-- Record set --
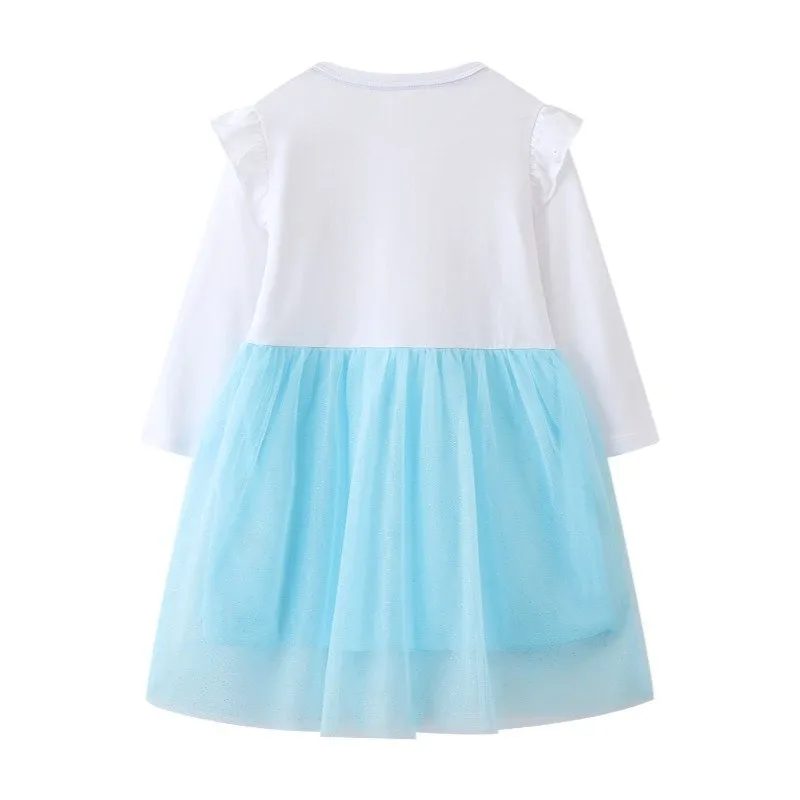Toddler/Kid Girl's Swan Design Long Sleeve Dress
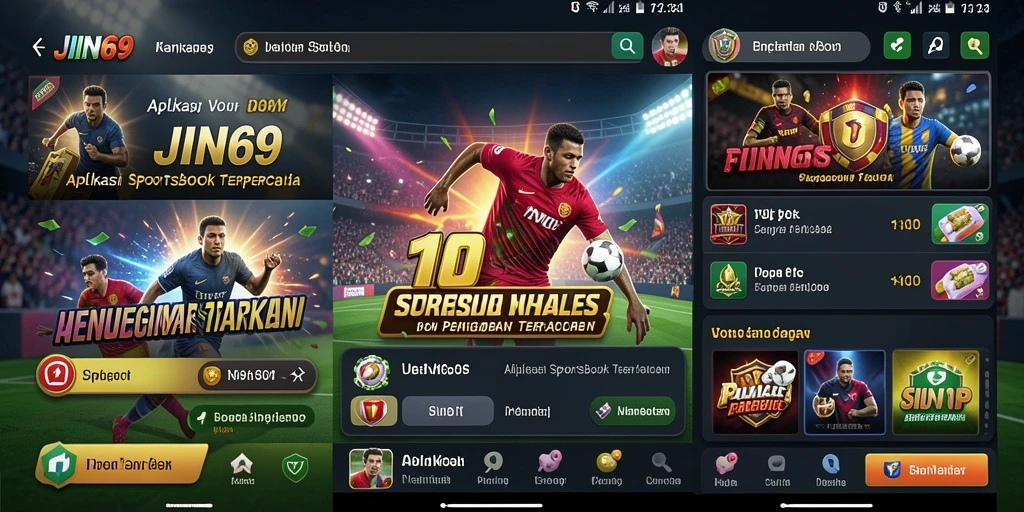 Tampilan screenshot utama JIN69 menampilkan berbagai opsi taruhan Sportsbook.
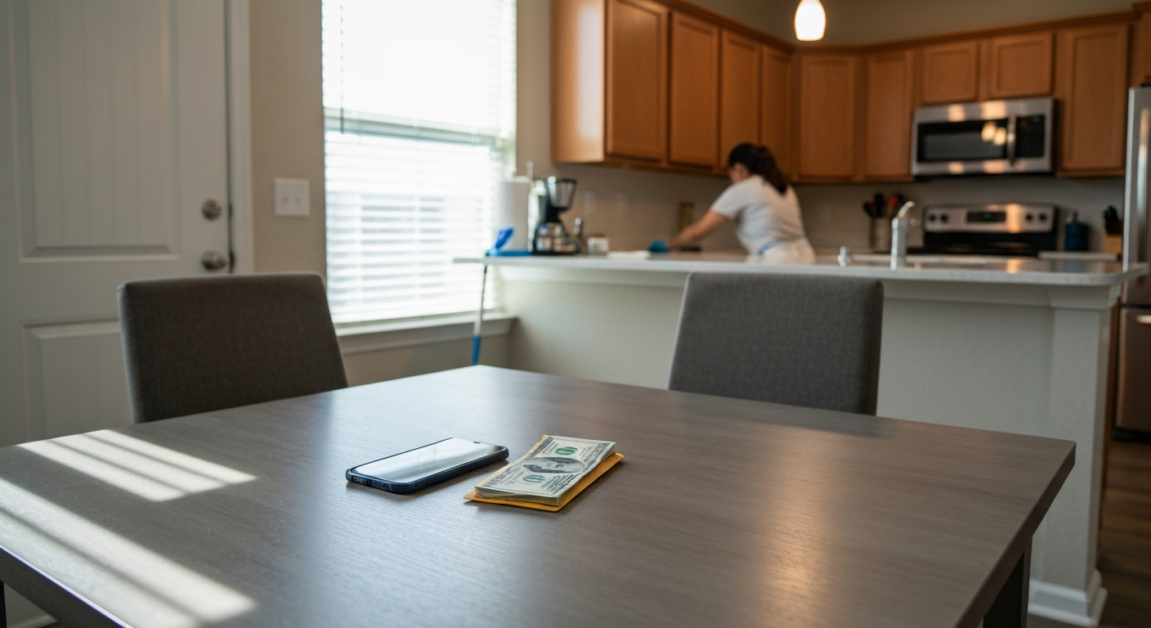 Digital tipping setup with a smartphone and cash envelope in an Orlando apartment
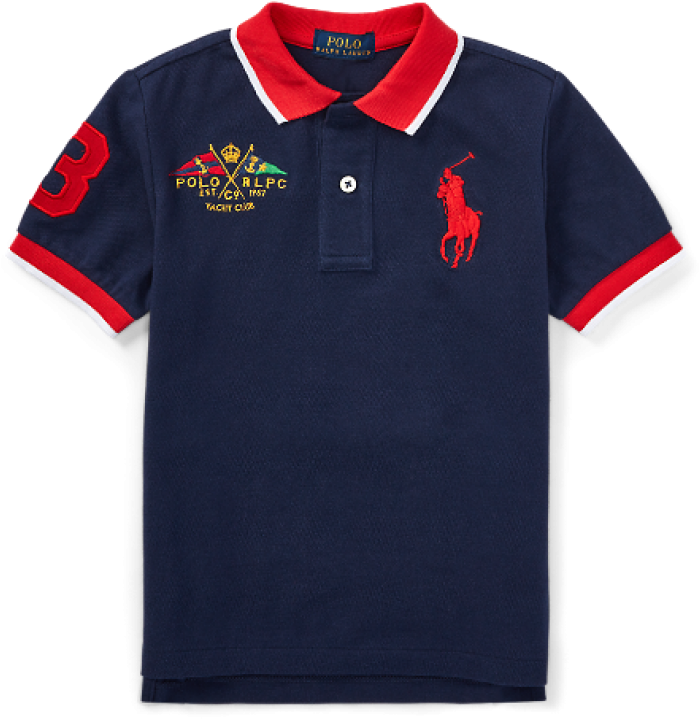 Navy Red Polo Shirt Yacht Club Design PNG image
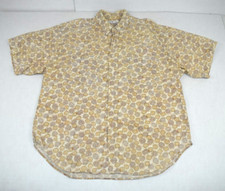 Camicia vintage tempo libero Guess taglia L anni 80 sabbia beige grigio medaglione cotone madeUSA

-- Work to complete --
The lines to copy run from the line containing "Digital tipping setup" through the end of the data above; copy exactly those, minus the pictures.

-- Exercise solution --
 Digital tipping setup with a smartphone and cash envelope in an Orlando apartment
 Navy Red Polo Shirt Yacht Club Design PNG image
 Camicia vintage tempo libero Guess taglia L anni 80 sabbia beige grigio medaglione cotone madeUSA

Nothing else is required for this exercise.